Le 5 juin dernier, après l'annonce de mesures drastiques prises par Riyad et ses alliés, isolant le Qatar pour son "soutien au terrorisme", Ahmed Al Maadheed poste sur Twitter et Instagram un portrait de l'émir peint dans l'urgence.
Inspiré du pochoir, en aplats noirs légèrement ombrés de gris sur fond blanc, il montre l'émir de profil, tête nue, souligné d'une calligraphie arabe proclamant "Tamim al Majd".
D'une solennité presque empruntée sur son portrait officiel, l'émir en "Tamim al Majd" -mèche au vent et regard portant loin- apparaît moderne et audacieux.
Efficace comme un graffiti, identifiable en un coup d'œil, le portrait se propage sur les réseaux sociaux d'un petit pays sonné qui se l'approprie.

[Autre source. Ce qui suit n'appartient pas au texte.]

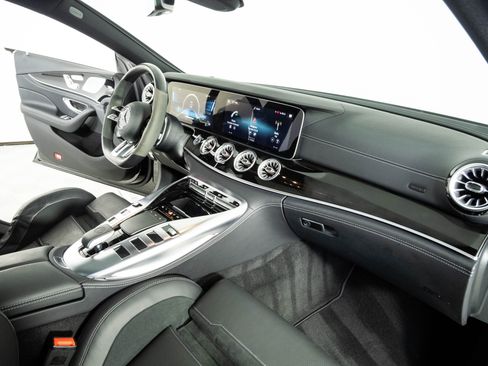 Used 2022 Mercedes-Benz AMG GT 53 image 24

En le retweetant vers ses 550.000 abonnés (pour un émirat de 2,5 millions d'habitants, dont 80% d'étrangers) et en faisant son image de profil, le frère de l'émir, Joaan ben Hamad, amplifie sa popularité.
La célébrité de l'image a fait celle de son jeune auteur, fondateur en 2009 d'une petite société de publicité, design et animation. "L'écho était faible" jusqu'ici, admet Ahmed Al Maadheed, "mais ce portrait, grâce à Dieu, a fait que je suis reconnu".
Ses peintures ont été exposées pour la première fois fin juin dans une annexe des Musées du Qatar, puis désormais dans un prestigieux hôtel de Doha. La quasi-totalité des toiles a trouvé acquéreur en à peine un mois, alors qu'il n'en avait jamais vendu aucune.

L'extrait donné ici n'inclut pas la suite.